Les aides sociales, aide au loyer, à l‘électricité, aide temporaire en cas de détresse, la CMU, l’APA sont des prises en charge qui améliorent considérablement le quotidien mais ne doivent pas occulter des décisions sur le long terme générateur de changements durables. Des propositions sont à analyser en fonction de l’existant. En premier lieu :
- Dans l’immédiat intervenir auprès des enfants leur assurant les matériels indispensables à l’acquisition du savoir. On sait comment l’absence d’informatique a pénalisé plus d’un.
- Permettre l’accès à la médiathèque qui sans véhicule n’est pas possible.
- Donner la possibilité de fréquenter les lieux de culture et de loisirs,
- Intégrer le ou les parents au programme afin d’assurer une continuité. Sans leur adhésion rien ne pourra se faire.
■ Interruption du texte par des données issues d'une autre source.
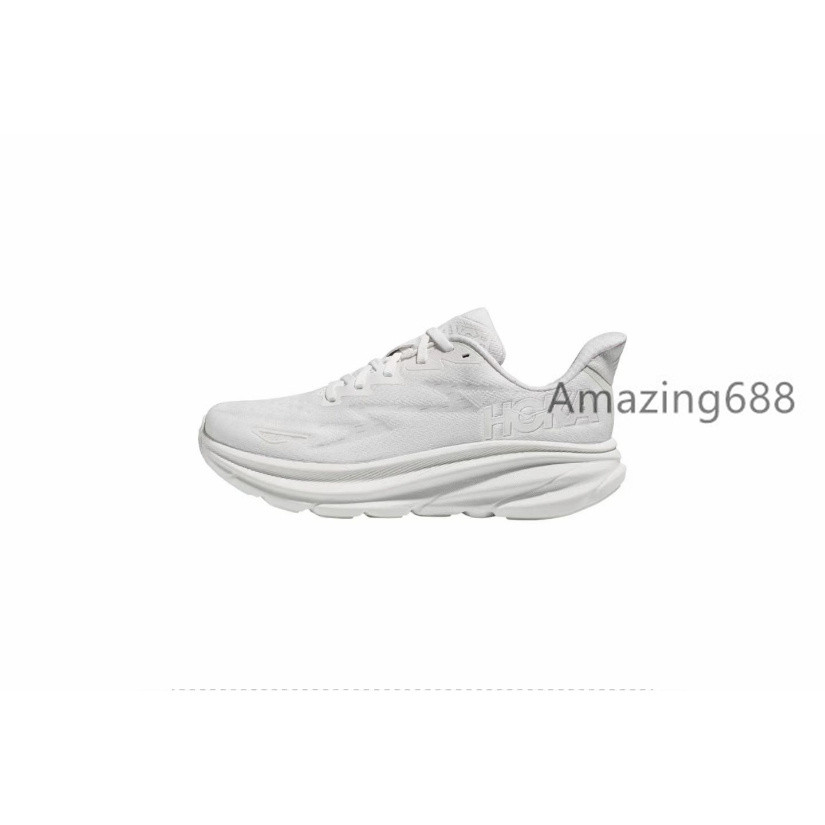 HOKA ONE ONE Clifton 9 Shock Absorption รองเท้าบุรุษและสตรี รองเท้าวิ่ง Full White Size 36-45 MNO7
L’excellence et la méritocratie sont depuis quelques années les maîtres mots du ministère de l’Education nationale. Des réformes en profondeur proclamées depuis le second quinquennat auront à faire la preuve qu’un nivelage des connaissances donnera à tous les enfants scolarisés les mêmes chances de réussite.
En second lieu :
- Proposer aux jeunes adultes une formation complémentaire sous forme de formation continue mais avec un tutorat. L’exemple montré s’imprime plus facilement dans un cycle d’apprentissage.
- Inventer des formes d’insertion dans un premier marché du travail en fonction des choix. La question du choix est primordiale. Trop souvent la reculade vient de l’impression d’un pis-aller, ou d’une contrainte contre laquelle il n’y a pas de négociation possible ou d’avis formulable.
En troisième lieu :
- Etudier avec les chômeurs de longue durée les possibilités d’une réinsertion en tissant des liens de confiance.
- Accorder des prestations supplémentaires aux familles,
- Augmenter les salaires et baisser les prix, ce qui relancerait l’économie. Les primes ne sont pas des solutions ; elles devraient être intégré dans les salaires.
La lutte contre la misère doit se réclamer d’une réelle efficacité dès lors qu’elle se donne pour objet de restituer des droits et une dignité à tout être humain. Comment concilier le tout et le contraire de tout quand le premier acte posé d’un gouvernement a été de supprimer l’impôt sur la fortune ? Les départements d’Outre-Mer ne sortiront pas de cette dépendance aggravée sans un projet pensé et élaboré en fonction de ses particularismes.